Goal of the exercise »
Below are records with pictures. Transcribe exactly, and only, the lines from the line with "Do you ever" to the line with "K-Tour bowler Steve", both ends included, but not the pictures.

Record extracts »
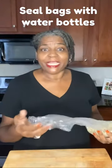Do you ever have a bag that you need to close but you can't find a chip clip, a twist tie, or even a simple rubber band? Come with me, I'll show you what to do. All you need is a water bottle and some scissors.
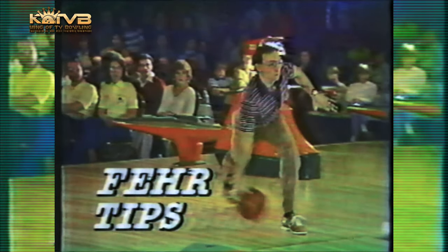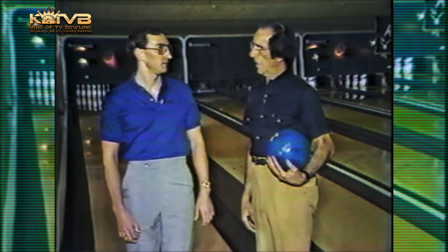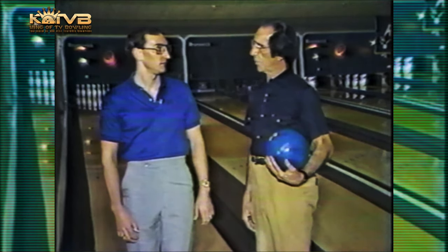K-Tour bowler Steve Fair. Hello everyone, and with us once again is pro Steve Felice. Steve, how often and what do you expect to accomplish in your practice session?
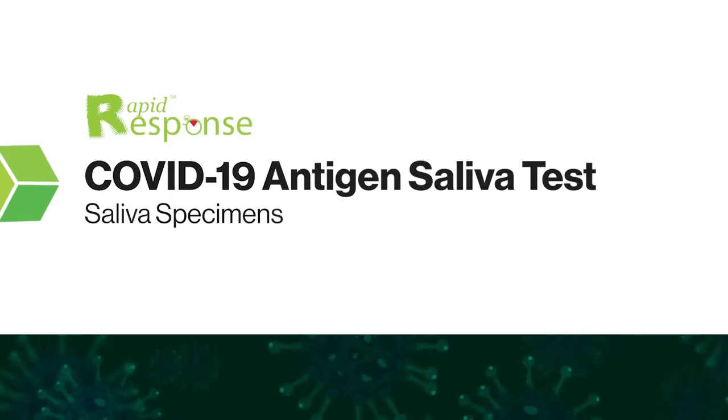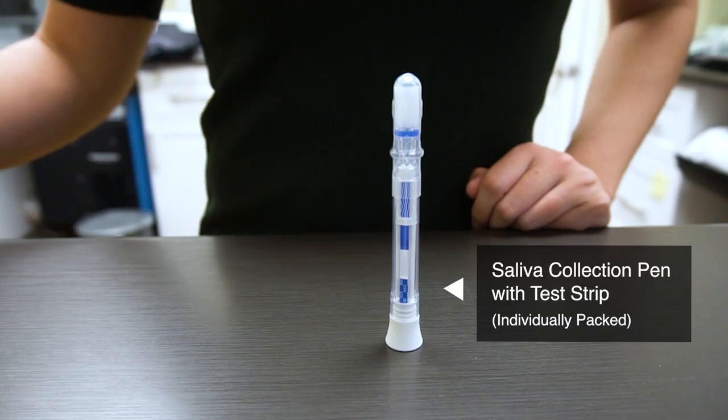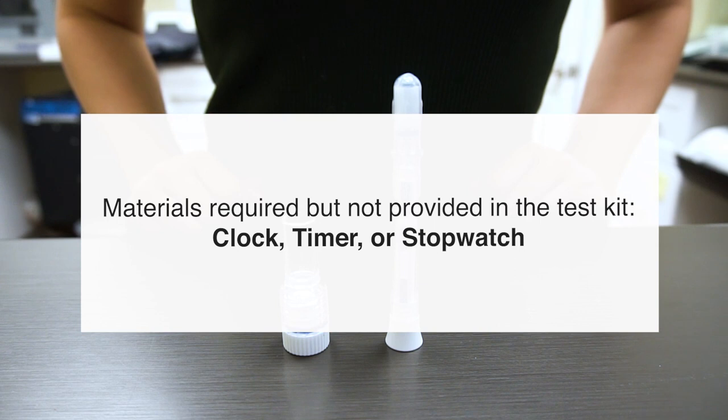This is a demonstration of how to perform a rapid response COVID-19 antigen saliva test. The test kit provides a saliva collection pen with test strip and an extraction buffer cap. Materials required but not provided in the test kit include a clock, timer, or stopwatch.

...

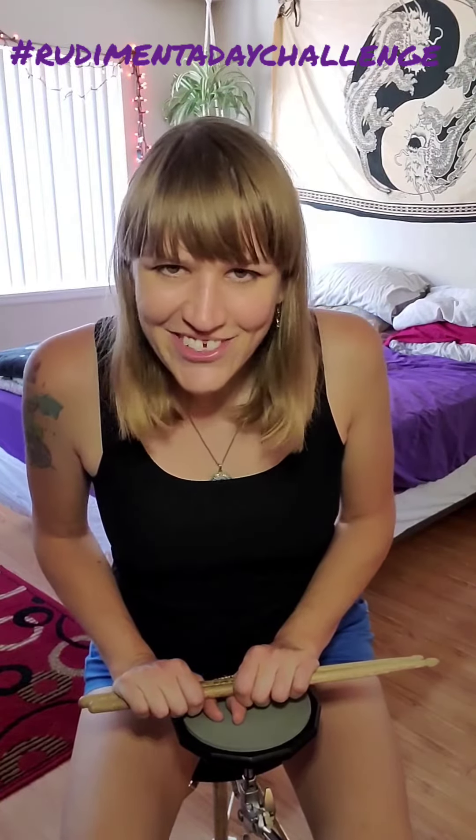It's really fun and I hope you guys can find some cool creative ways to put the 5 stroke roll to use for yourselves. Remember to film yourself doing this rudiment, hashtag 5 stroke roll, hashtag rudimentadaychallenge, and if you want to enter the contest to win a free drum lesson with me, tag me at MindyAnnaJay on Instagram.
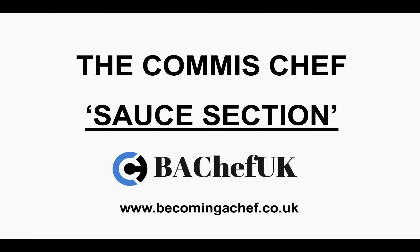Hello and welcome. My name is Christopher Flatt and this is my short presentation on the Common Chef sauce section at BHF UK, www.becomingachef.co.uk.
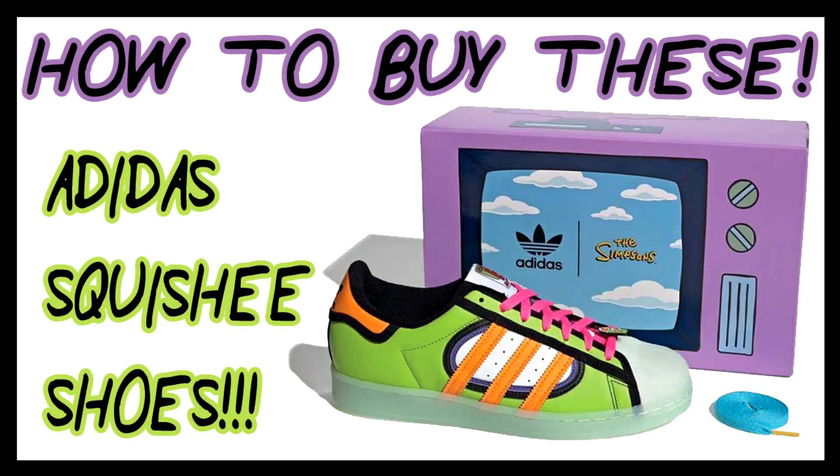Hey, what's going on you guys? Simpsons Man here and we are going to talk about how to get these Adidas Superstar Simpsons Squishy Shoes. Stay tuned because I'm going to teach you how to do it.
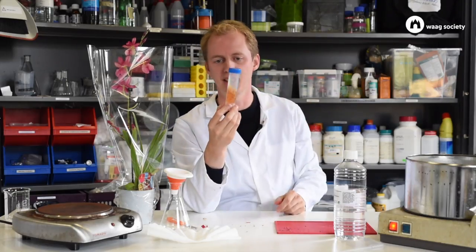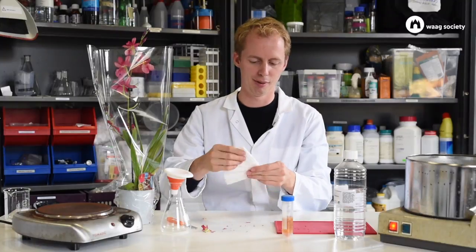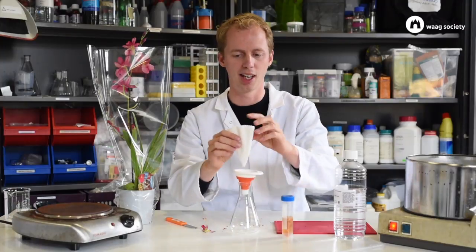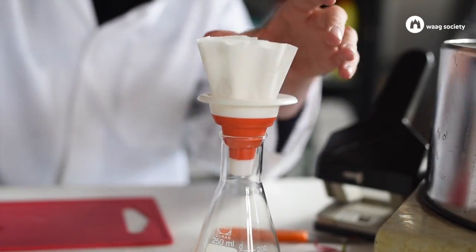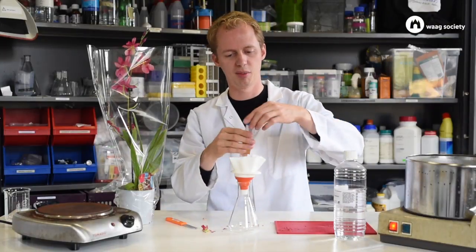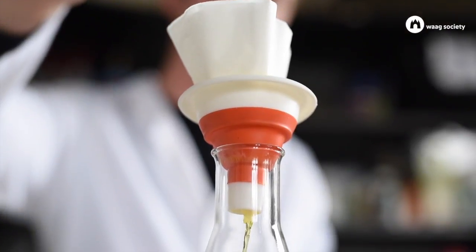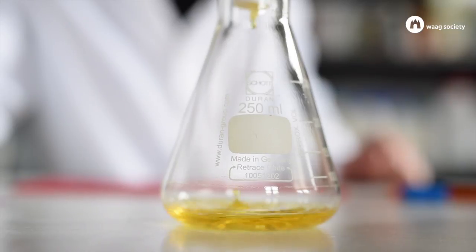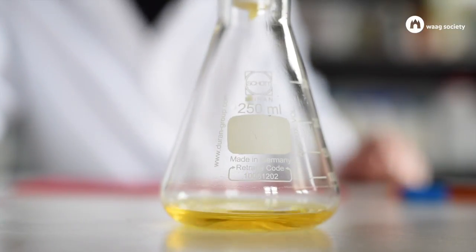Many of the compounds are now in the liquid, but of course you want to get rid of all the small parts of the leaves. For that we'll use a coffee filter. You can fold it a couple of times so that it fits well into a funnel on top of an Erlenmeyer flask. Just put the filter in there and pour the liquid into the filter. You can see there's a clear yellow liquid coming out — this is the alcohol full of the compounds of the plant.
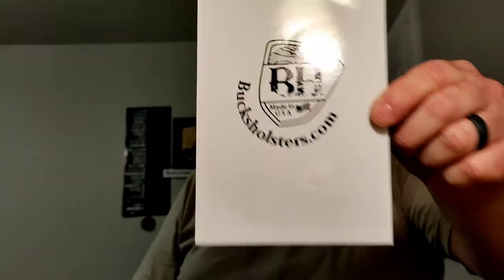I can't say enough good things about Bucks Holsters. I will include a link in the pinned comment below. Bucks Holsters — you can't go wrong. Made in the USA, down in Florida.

Response to the task »
Do you ever have a bag that you need to close but you can't find a chip clip, a twist tie, or even a simple rubber band? Come with me, I'll show you what to do. All you need is a water bottle and some scissors.
K-Tour bowler Steve Fair. Hello everyone, and with us once again is pro Steve Felice. Steve, how often and what do you expect to accomplish in your practice session?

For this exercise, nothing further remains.